Mimpi Besar Laras
Hujan mengguyur Gresik sore itu. Bukan gerimis manja, melainkan hujan deras yang membasahi bumi, mengguyur atap rumah Danu dan Laras dengan ritme yang menenangkan. Di dalam, mereka duduk berdua di ruang tengah, ditemani cahaya temaram lampu dan aroma kayu manis dari teh hangat. Di atas meja, terhampar kertas-kertas berisi coretan, angka, dan sketsa kasar. Mereka sedang merencanakan masa depan.
“Jadi, begini,” Laras memulai, menunjuk sebuah diagram alur yang ia buat dengan spidol warna-warni.
“Kita akan membuka toko batik online dengan nama ‘Batik Laras Danu’. Kita fokus pada penjualan online dulu, karena modal kita terbatas. Kita buat website yang profesional, kita optimasi SEO-nya, dan kita aktif di media sosial.”
Danu mengangguk, menyimak dengan seksama.
“Nama yang bagus. Mudah diingat dan mencerminkan identitas kita. Tapi, bagaimana dengan modalnya? Kita tidak punya banyak uang untuk membuat website yang bagus dan membayar biaya promosi.”
Laras tersenyum penuh keyakinan.
“Aku sudah bicara dengan beberapa teman yang punya bisnis online. Mereka bilang, kita bisa mulai dengan yang gratisan dulu. Kita bisa pakai platform e-commerce yang sudah ada, seperti Tokopedia atau Shopee. Kita optimalkan foto produk kita, kita buat deskripsi yang menarik, dan kita manfaatkan fitur promosi gratis yang mereka tawarkan.”
“Itu ide yang bagus,” Danu mengakui.
“Tapi, bagaimana dengan persaingan? Ada banyak sekali toko batik online di luar sana. Apa yang membuat kita berbeda?”
Laras mengangkat dagunya, matanya berbinar.
“Kita punya keunggulan kompetitif, Danu. Pertama, kita punya kualitas. Batik kita dibuat dengan tangan, dengan cinta, dengan bahan-bahan alami. Itu tidak bisa ditiru oleh pabrik. Kedua, kita punya cerita. Kita bisa menceritakan kisah di balik setiap motif, kita bisa berbagi proses pembuatannya, kita bisa melibatkan pelanggan dalam perjalanan kita.”
Ia meraih tangan Danu, menggenggamnya erat.
“Orang-orang tidak hanya membeli produk, Danu.
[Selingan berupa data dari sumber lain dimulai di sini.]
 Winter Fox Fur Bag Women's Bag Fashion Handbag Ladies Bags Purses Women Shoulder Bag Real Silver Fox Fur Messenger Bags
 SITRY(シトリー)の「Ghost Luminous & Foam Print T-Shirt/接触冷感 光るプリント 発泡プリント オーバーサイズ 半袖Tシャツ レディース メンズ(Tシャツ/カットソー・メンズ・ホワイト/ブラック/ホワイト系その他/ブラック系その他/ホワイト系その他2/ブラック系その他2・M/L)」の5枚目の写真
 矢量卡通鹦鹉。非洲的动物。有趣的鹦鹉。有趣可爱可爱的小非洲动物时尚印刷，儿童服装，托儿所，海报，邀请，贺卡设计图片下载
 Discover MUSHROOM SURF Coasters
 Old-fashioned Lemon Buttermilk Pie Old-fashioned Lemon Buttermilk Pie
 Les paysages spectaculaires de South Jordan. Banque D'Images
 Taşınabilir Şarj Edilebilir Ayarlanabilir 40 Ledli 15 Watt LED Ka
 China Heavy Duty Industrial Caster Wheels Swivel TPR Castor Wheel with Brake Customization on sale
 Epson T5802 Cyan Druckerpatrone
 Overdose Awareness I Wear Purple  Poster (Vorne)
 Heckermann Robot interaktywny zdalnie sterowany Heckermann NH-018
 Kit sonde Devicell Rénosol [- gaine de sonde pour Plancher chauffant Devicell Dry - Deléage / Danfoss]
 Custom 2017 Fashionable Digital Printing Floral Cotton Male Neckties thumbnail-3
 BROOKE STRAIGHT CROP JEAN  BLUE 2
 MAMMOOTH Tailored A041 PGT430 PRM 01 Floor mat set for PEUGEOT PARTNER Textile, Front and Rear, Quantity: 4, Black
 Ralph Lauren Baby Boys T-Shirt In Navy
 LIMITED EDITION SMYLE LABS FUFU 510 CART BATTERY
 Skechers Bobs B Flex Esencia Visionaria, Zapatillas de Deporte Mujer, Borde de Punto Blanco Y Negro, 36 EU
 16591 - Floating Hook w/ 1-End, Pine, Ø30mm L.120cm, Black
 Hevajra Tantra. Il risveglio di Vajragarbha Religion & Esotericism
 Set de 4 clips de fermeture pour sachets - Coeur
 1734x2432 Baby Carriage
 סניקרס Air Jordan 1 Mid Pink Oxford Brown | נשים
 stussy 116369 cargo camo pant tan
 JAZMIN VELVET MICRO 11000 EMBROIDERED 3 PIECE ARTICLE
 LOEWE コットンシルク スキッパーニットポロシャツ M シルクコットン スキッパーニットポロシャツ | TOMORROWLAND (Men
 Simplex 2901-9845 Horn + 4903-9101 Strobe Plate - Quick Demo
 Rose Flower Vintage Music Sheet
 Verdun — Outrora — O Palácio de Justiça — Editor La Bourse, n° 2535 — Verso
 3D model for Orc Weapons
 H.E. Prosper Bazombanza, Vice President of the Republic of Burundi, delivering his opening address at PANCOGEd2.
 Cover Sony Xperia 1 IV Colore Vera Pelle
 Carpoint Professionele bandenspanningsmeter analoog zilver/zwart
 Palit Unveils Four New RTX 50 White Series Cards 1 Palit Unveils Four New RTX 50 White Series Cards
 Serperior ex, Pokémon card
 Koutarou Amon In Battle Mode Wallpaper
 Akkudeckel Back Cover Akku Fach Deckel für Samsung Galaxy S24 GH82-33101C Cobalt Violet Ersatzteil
Mereka membeli cerita, mereka membeli nilai, mereka membeli pengalaman. Dan kita punya itu semua.”
Danu tersenyum, terharu mendengar semangat Laras. Ia tahu, Laras adalah seorang visioner, seorang pemimpi yang tak kenal lelah. Ia selalu punya ide-ide brilian, dan ia selalu tahu bagaimana mewujudkannya.
“Aku percaya padamu, Laras,” kata Danu tulus.
“Aku percaya pada kita. Kita bisa melakukan ini bersama-sama.”
Mereka melanjutkan diskusi mereka, membahas detail-detail kecil, dari logo toko, kemasan produk, hingga strategi pengiriman. Laras mendominasi percakapan, dengan ide-idenya yang berapi-api, sementara Danu memberikan masukan yang bijaksana, menyeimbangkan ambisi Laras dengan realitas yang ada.
“Setelah toko online kita berjalan lancar, kita akan membuka toko fisik,” kata Laras, matanya menerawang jauh.
“Toko yang indah, dengan desain interior yang unik, yang mencerminkan kepribadian kita. Kita akan pajang semua koleksi batik kita di sana, kita akan adakan workshop batik, kita akan undang seniman-seniman lain untuk berkolaborasi.”
“Dan di belakang toko, kita akan bangun rumah impian kita,” sambung Danu, senyumnya mengembang.
“Rumah dengan halaman yang luas, dengan taman bunga yang indah, dengan kolam ikan yang tenang. Rumah tempat kita bisa menua bersama, dikelilingi oleh anak-anak dan cucu-cucu kita.”
Laras tertawa, membayangkan masa depan yang indah itu. “Kamu selalu bisa membuatku bermimpi lebih besar, Danu. Aku mencintaimu karena itu.”
Mereka saling berpandangan, mata mereka bertemu dalam kehangatan dan cinta. Di luar, hujan semakin deras, seolah ikut merayakan mimpi-mimpi mereka.
“Aku janji, Laras,” kata Danu, suaranya serius.
“Aku akan bekerja keras untuk mewujudkan semua ini. Aku akan selalu ada di sampingmu, mendukung setiap langkahmu. Aku akan menjadi suami yang baik, ayah yang baik, dan mitra bisnis yang baik.”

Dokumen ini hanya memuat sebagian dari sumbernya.